As you might imagine, not everyone was happy with my post the other day discussing another paper by Peter Doshi attempting to “prove” that the randomized controlled trials used to justify the emergency use authorization (EUA) for mRNA-based vaccines actually showed more serious adverse events than the placebo group. Of course as I discussed, it took p-hacking, cherry picking of data, and comparing apples and oranges to reach that conclusion, making the preprint by Peter Doshi and at least two other “COVID-19 contrarians” (Joseph Fraiman and Patrick Whelan) highly suspect at best, disinformation at worst.
One of the people not happy with my deconstruction of this study and, even less so, the deconstruction by Susan Oliver in a 12 minute YouTube video, is Norman Fenton, Professor of Risk Information Management at Queen Mary University of London. At the time I encountered his initial objections on Twitter I didn’t recall ever having heard of Prof. Fenton before, but he is clearly unhappy by the criticism leveled at Doshi. Indeed, yesterday he posted a rant on his blog entitled Response to Susan Oliver video “Antivaxxers fooled by p-hacking and apples to oranges comparison.” (Let’s just say that he’s not particularly creative coming up with titles for his post.) His key point?

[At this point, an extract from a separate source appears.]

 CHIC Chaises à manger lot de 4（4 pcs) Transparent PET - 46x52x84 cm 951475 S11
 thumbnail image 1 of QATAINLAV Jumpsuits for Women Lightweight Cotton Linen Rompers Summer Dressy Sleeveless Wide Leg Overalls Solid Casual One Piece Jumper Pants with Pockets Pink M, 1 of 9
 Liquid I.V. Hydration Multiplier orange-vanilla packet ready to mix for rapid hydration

Interestingly, despite the video title, Susan spends less than 30 seconds describing what p-hacking is and instead refers to a paper about it  (we agree entirely with the general concerns raised about p-hacking and show how it is avoided using Bayesian hypothesis testing ). But the key flaw in Susan’s criticism is that the “Doshi paper” is not an example of p-hacking at all. They do not use p-values and, also contrary to the continued assertions of Susan, they make no claims at all of statistical significance. Rather, the paper provides risk differences and risk ratios with 95% confidence intervals (CIs) for the various different comparisons of vaccine v placebo.
If the authors had been “p-hacking” they would have chosen a p-value like 0.05 and would have added, for each comparison of vaccine v placebo, a ‘significance statistic’ and arrived at at least one example where the statistic was less than 0.05. Then they would claim, for example, that the increased SAE rate was ‘significant’. They do nothing like that at all.

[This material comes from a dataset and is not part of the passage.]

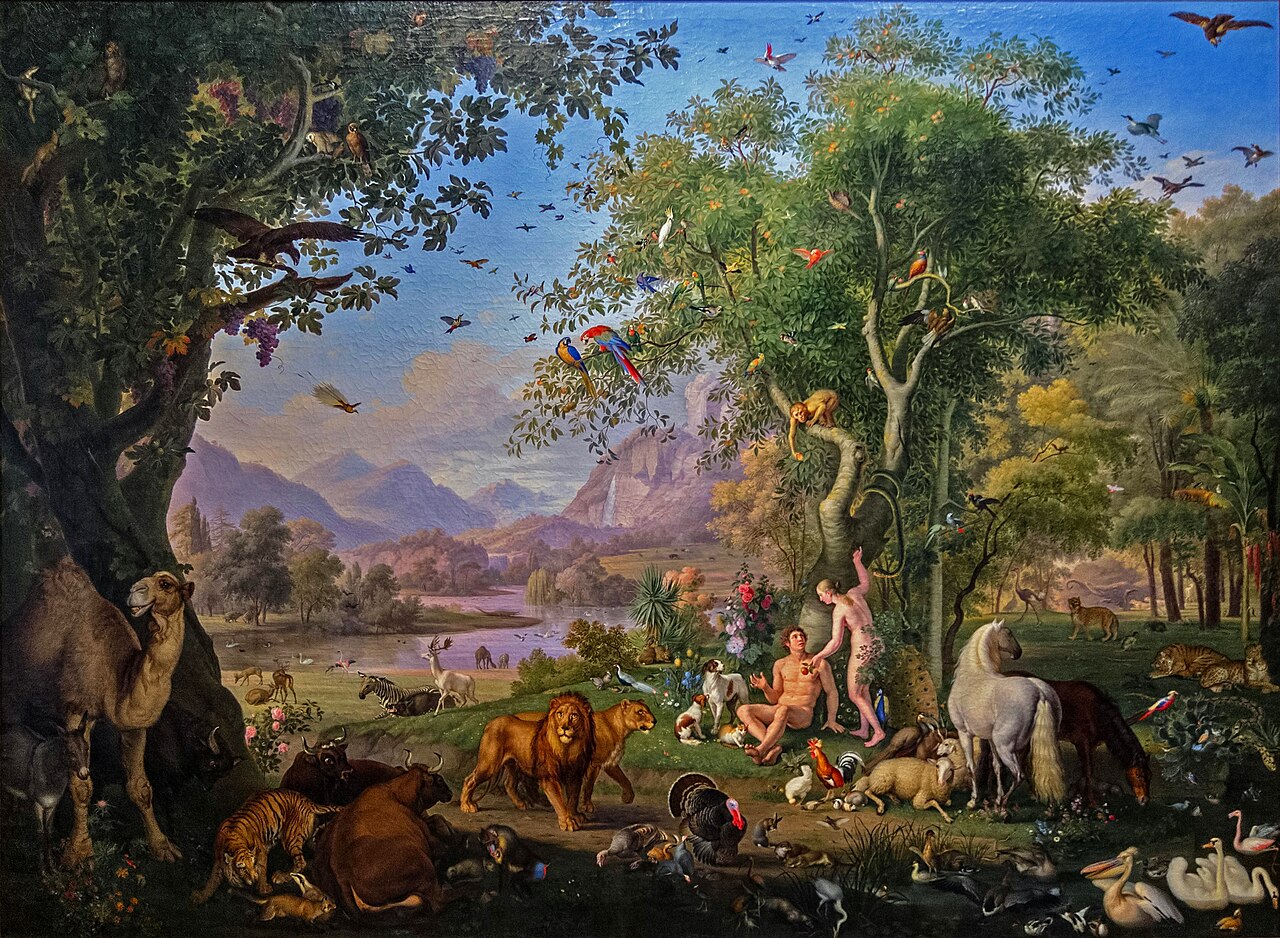 Adam and Eve in the Garden of Eden by Johann Wenzel Peter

I think I just lost neurons reading that passage. No, seriously, Prof. Fenton’s argument is that it can’t be p-hacking if you don’t use p-values, an argument that is just plain nonsense. He also claims that Joseph Fraiman, Peter Doshi, and the rest of the authors—whom I mention in passing mainly because this paper is clearly primarily Fraiman and Doshi’s, given that they serve as first author and corresponding author, respectively—make no claims of statistical significance at all, even though they used confidence intervals. Let’s revisit the chart (which, conveniently enough, Fenton also reproduces in his post):
So why did Fraiman and Doshi calculate risk differences per 10,000 participants with confidence intervals, as well as risk ratios (RRs), again, with confidence intervals? I will thank Fenton for one thing. Dealing with his post, I rather quickly came to realize that the description in this preprint of how the statistics were done was so minimal as to be almost nonexistent. There’s not even a section on “statistics,” as is the case in most papers. On the one hand, one might argue that that strengthens Fenton’s retort that they didn’t really claim statistical significance. While that might be true, the inclusion of confidence intervals in such a way implies to any scientist that they are looking at which comparisons are and are not statistically significant. They are implicitly looking at statistical significance, even though they’re very careful in their manuscript to avoid the use of words “statistical significance” (or, to be honest, “significance,” “statistics,” or “statistical”) at all wherever possible. I rather suspect that this was done to preempt the sort of argument (such as it is) that they were engaged in p-hacking, which any decent reviewer would likely bring up.
But what about Fenton’s argument that it can’t be p-hacking if you don’t use p-values? This, too, is a nonsensical argument. “P-hacking” is a term commonly used, but because it focuses so much on p-values scientists now tend to use other terms for it, with p-hacking being a subset of a general technique designed to find “statistical significance” through multiple comparisons, plus mixing and combining categories, and multiple hypothesis testing designed to produce a “positive” value. More general terms are:
Inflation bias, also known as “p-hacking” or “selective reporting,” is the misreporting of true effect sizes in published studies (Box 1). It occurs when researchers try out several statistical analyses and/or data eligibility specifications and then selectively report those that produce significant results [12–15]. Common practices that lead to p-hacking include: conducting analyses midway through experiments to decide whether to continue collecting data [15,16]; recording many response variables and deciding which to report postanalysis [16,17], deciding whether to include or drop outliers postanalyses , excluding, combining, or splitting treatment groups postanalysis , including or excluding covariates postanalysis , and stopping data exploration if an analysis yields a significant p-value [18,19].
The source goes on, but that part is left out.